### Your instructions
Reprint all entries without any alteration.

Scraped caption text data:
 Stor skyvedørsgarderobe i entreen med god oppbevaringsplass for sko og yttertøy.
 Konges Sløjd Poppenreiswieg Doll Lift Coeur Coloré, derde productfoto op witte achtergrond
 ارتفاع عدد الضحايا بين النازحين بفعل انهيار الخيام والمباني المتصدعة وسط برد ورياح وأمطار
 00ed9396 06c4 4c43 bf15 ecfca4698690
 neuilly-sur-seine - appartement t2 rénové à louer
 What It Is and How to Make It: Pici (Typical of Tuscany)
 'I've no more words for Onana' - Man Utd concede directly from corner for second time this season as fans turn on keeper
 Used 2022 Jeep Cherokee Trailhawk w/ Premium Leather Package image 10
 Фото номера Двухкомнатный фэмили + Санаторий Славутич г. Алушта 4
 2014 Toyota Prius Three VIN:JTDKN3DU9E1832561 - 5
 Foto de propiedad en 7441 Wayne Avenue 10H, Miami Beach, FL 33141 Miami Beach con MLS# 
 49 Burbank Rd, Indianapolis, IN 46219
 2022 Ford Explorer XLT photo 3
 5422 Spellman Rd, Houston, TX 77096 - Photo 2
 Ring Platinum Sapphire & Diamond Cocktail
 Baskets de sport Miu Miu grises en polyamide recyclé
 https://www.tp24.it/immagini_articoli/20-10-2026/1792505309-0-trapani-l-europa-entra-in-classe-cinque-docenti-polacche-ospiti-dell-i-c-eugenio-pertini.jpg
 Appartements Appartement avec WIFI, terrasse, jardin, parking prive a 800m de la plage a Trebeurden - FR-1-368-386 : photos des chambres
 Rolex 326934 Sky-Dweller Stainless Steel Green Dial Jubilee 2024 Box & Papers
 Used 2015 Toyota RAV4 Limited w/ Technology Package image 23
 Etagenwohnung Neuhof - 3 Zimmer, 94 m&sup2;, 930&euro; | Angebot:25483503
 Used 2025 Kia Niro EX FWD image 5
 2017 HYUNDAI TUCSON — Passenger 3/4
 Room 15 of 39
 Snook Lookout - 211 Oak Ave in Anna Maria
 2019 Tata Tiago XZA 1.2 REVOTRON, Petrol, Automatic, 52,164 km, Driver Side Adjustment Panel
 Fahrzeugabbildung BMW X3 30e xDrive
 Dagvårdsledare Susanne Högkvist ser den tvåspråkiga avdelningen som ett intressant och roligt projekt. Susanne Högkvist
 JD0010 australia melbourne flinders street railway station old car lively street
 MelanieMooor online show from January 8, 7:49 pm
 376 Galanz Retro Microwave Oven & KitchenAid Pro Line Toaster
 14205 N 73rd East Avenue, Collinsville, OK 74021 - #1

### Exercise result
 Stor skyvedørsgarderobe i entreen med god oppbevaringsplass for sko og yttertøy.
 Konges Sløjd Poppenreiswieg Doll Lift Coeur Coloré, derde productfoto op witte achtergrond
 ارتفاع عدد الضحايا بين النازحين بفعل انهيار الخيام والمباني المتصدعة وسط برد ورياح وأمطار
 00ed9396 06c4 4c43 bf15 ecfca4698690
 neuilly-sur-seine - appartement t2 rénové à louer
 What It Is and How to Make It: Pici (Typical of Tuscany)
 'I've no more words for Onana' - Man Utd concede directly from corner for second time this season as fans turn on keeper
 Used 2022 Jeep Cherokee Trailhawk w/ Premium Leather Package image 10
 Фото номера Двухкомнатный фэмили + Санаторий Славутич г. Алушта 4
 2014 Toyota Prius Three VIN:JTDKN3DU9E1832561 - 5
 Foto de propiedad en 7441 Wayne Avenue 10H, Miami Beach, FL 33141 Miami Beach con MLS# 
 49 Burbank Rd, Indianapolis, IN 46219
 2022 Ford Explorer XLT photo 3
 5422 Spellman Rd, Houston, TX 77096 - Photo 2
 Ring Platinum Sapphire & Diamond Cocktail
 Baskets de sport Miu Miu grises en polyamide recyclé
 https://www.tp24.it/immagini_articoli/20-10-2026/1792505309-0-trapani-l-europa-entra-in-classe-cinque-docenti-polacche-ospiti-dell-i-c-eugenio-pertini.jpg
 Appartements Appartement avec WIFI, terrasse, jardin, parking prive a 800m de la plage a Trebeurden - FR-1-368-386 : photos des chambres
 Rolex 326934 Sky-Dweller Stainless Steel Green Dial Jubilee 2024 Box & Papers
 Used 2015 Toyota RAV4 Limited w/ Technology Package image 23
 Etagenwohnung Neuhof - 3 Zimmer, 94 m&sup2;, 930&euro; | Angebot:25483503
 Used 2025 Kia Niro EX FWD image 5
 2017 HYUNDAI TUCSON — Passenger 3/4
 Room 15 of 39
 Snook Lookout - 211 Oak Ave in Anna Maria
 2019 Tata Tiago XZA 1.2 REVOTRON, Petrol, Automatic, 52,164 km, Driver Side Adjustment Panel
 Fahrzeugabbildung BMW X3 30e xDrive
 Dagvårdsledare Susanne Högkvist ser den tvåspråkiga avdelningen som ett intressant och roligt projekt. Susanne Högkvist
 JD0010 australia melbourne flinders street railway station old car lively street
 MelanieMooor online show from January 8, 7:49 pm
 376 Galanz Retro Microwave Oven & KitchenAid Pro Line Toaster
 14205 N 73rd East Avenue, Collinsville, OK 74021 - #1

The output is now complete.